O PS no governo não
vai conseguir diferenciar-se do actual executivo e isso irá criar uma profunda crise
de regime
Medeiros Ferreira, uma das vozes com maior independência de
espírito da área do PS, afirmou numa entrevista publicada neste jornal no
Sábado passado que o “PS, no fundo, tem seis meses a um ano para demonstrar que
governa de outra maneira.” Se falhar neste desafio, teremos “uma crise de
regime”. Julgo que a intenção desta frase é a de lançar um aviso sobre a
necessidade de o PS preparar uma verdadeira alternativa, mas temo que isto caia
em saco roto.
Aquele professor recomenda também que haja eleições
antecipadas, em Maio de 2014, em simultâneo com as europeias, o que até poderá
ser considerado optimista, tendo em atenção as dificuldades com que o governo
se vem defrontando, desde logo pelas fissuras internas.

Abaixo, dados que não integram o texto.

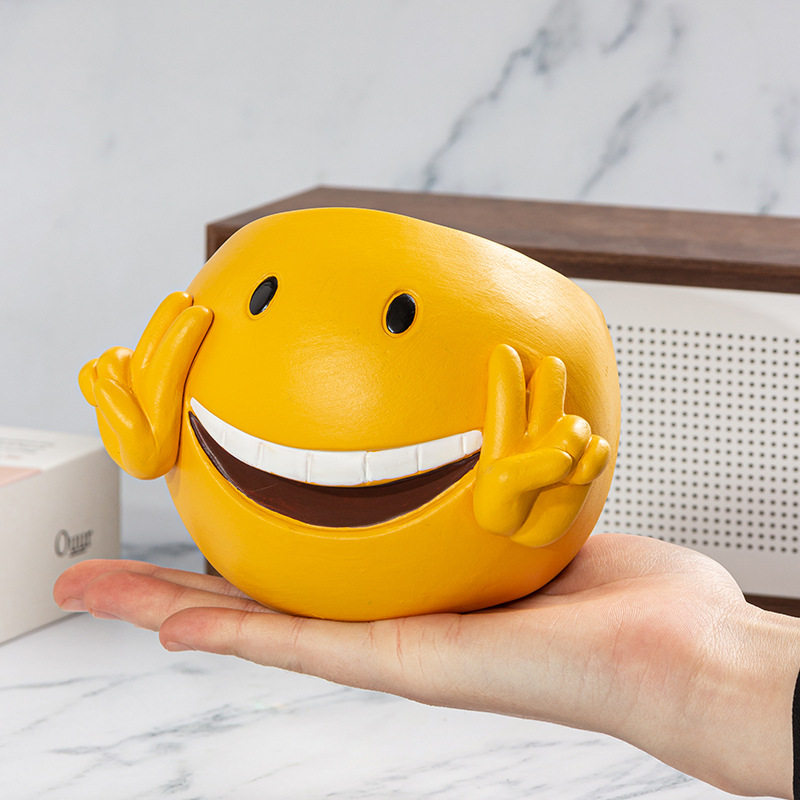 创意可爱卡通表情烟灰缸个性时尚潮陶瓷烟缸家居礼品礼物摆件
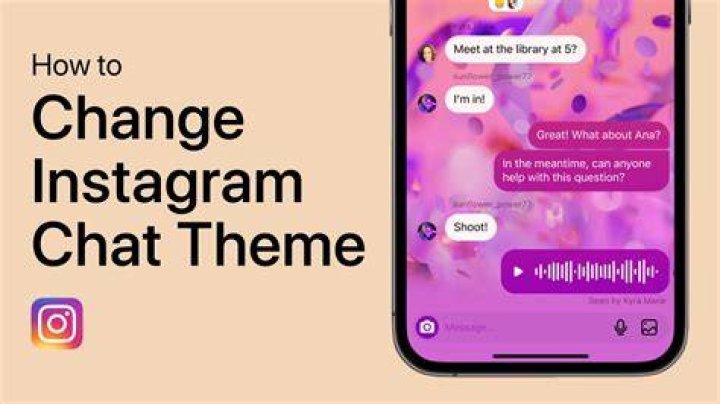 How to change instagram chat theme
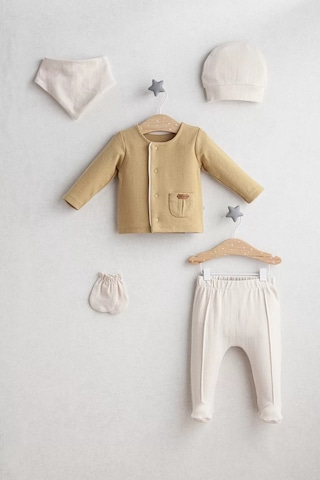 Melonika Little Bear 5'li Zıbın Set 5445 Hardal Çok Renkli
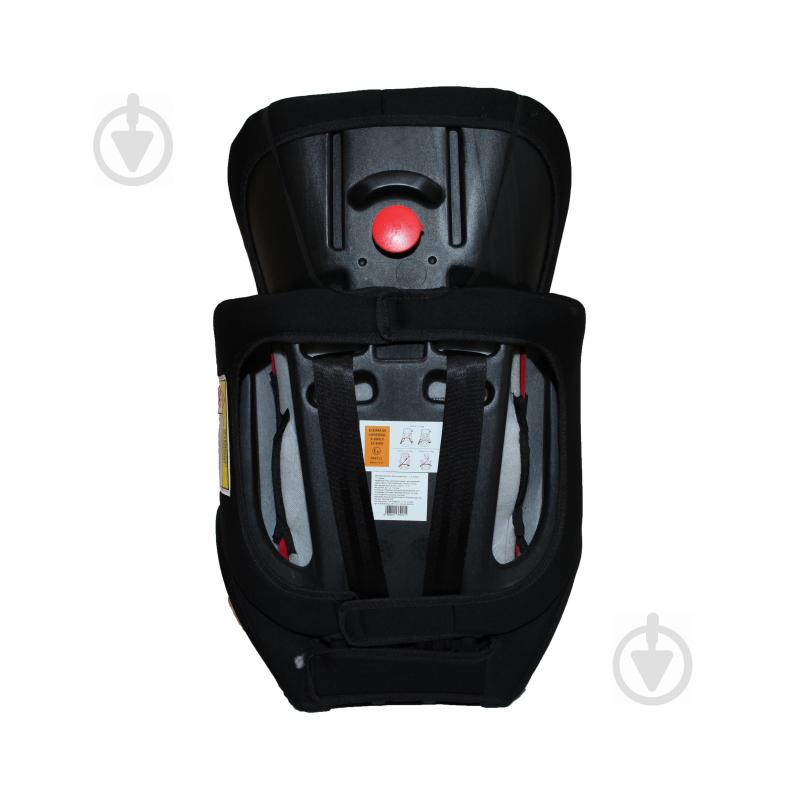 Автокресло BABY BOSS NE-EF-08 черный с красным black - фото 3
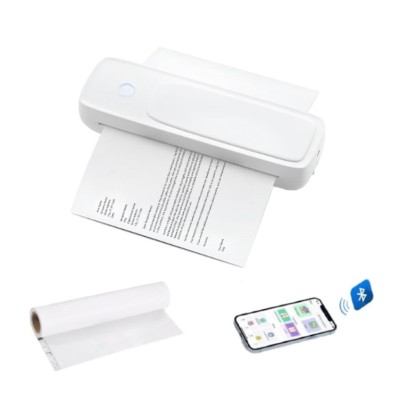 Imprimanta termica, model Ultra, portabila, fara fir, nu necesita tus, suporta formaturi pana in A4, Bluetooth, USB, compatibila cu iOS / Android / Wi foto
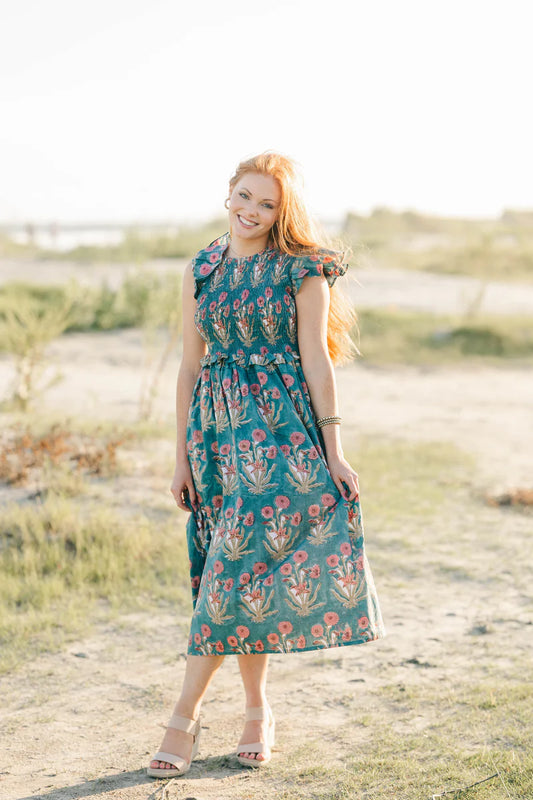 Primrose Maxi Dress- Cobalt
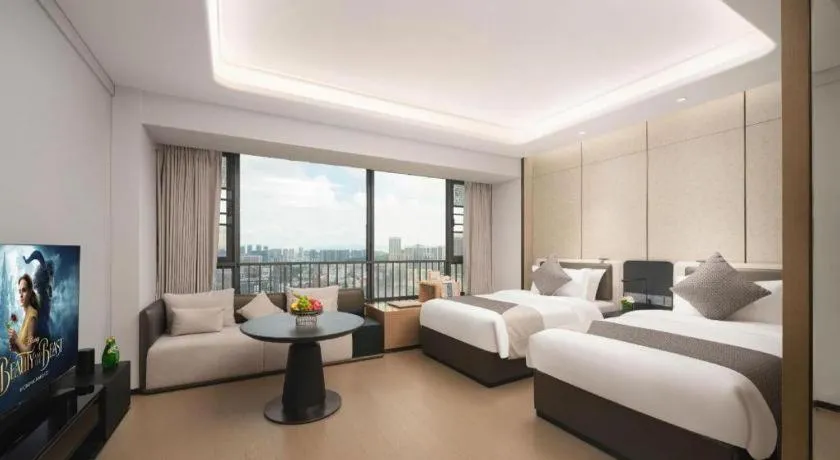 Bed in Shenzhen Cloud Park Manhattan Hotel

Seja qual for o momento em que o PS volte ao poder,
parece-me que tem todas as condições para falhar o repto de governar de forma
diferente, por várias razões. Antes de mais, é preciso recordar que entre 1995,
início do descalabro das contas externas e 2011, o pedido de ajuda à troika, in extremis, o PS esteve no
governo mais de 80% do tempo.
Nesse período, o PS ignorou a globalização, destruiu a
competitividade e o potencial de crescimento da economia portuguesa, colocando
em causa o financiamento do Estado social. Possivelmente por razões
ideológicas, ignorou a defesa da família, e assistiu impávido a uma queda
desastrosa da natalidade, colocando de novo em risco a sustentabilidade do
Estado social.
Para além disso, para o PS, o Estado “social” parece ser
muito mais um Estado “clientelar”, no qual as maiores corporações do sector
público se sentam à mesa, onde as maiores negociatas públicas têm lugar (quem
assinou a maioria dos contratos das PPP, dos swaps, etc.?), para além de mais
umas quantas prebendas avulsas (a que propósito é que o Grande Moralista
Baptista Bastos vive numa casa da C.M. Lisboa?).
Para os socialistas, a verdadeira alternativa seria reviver
o passado no tempo em que Bruxelas estava cega para as asneiras que os países
periféricos iam perpetrando e no tempo em que o crédito era quase à borla. Mas,
quer já tenham tomado consciência disso, quer não, bem podem cantar para o
tempo voltar para trás, que ele não vos ouvirá.
Sendo assim, que alternativas se colocam ao PS? O primeiro
obstáculo a divisar alternativas prende-se com o facto de este partido se ter
tornado numa associação “clientelar”, muito mais do que ideológica. Se o norte
do PS fosse a preocupação pelos mais pobres e desfavorecidos, isso
permitir-lhe-ia uma agenda muito mais clara e desimpedida.
No entanto, como está prisioneiro das clientelas que
favoreceu até aqui, está numa camisa-de-onze-varas. Como é evidente, a
consolidação orçamental terá que ser conseguida justamente pela eliminação das
generosidades concedidas às corporações públicas, quer no trabalho, quer na
reforma. Como é que o PS pode sobreviver a atacar a sua base eleitoral por
excelência?
O estado lastimoso das contas públicas, bem como o estado de
urgência que deverá forçar a desrespeitar inúmeros contratos financeiros
públicos, deverão colocar um fortíssimo travão a qualquer grande contrato
público nos próximos tempos. Dado a péssima utilização que foi dada a estes
contratos, isto só pode ser encarado como uma excelente para os contribuintes.
No entanto, mais uma vez, isto é uma terrível notícia para o PS, que se tem
habituado a beneficiar um conjunto alargado de “empresários”, cuja vantagem
competitiva é o acesso aos corredores do poder. Sem o apoio desta “elite”, como
é que o PS (se) irá governar?
Em resumo, a menos de um golpe de asa, de que nem o actual
líder do PS, nem as alternativas parecem ser remotamente capazes, os
socialistas deverão ser obrigados a repetir as medidas do actual governo, com a
agravante de o fazerem contra a sua natural base de apoio. Como bem prevê
Medeiros Ferreira, isto tem todas as condições para criar uma “crise de
regime”. Mas não haja a menor ilusão que a queda do PS poderá beneficiar o
centro-direita.
Atrevo-me a antecipar que isto deverá levar à implosão dos
actuais partidos tradicionais e abrir espaço para verdadeiras alternativas,
possivelmente no quadro de uma 4ª República, então embrionária.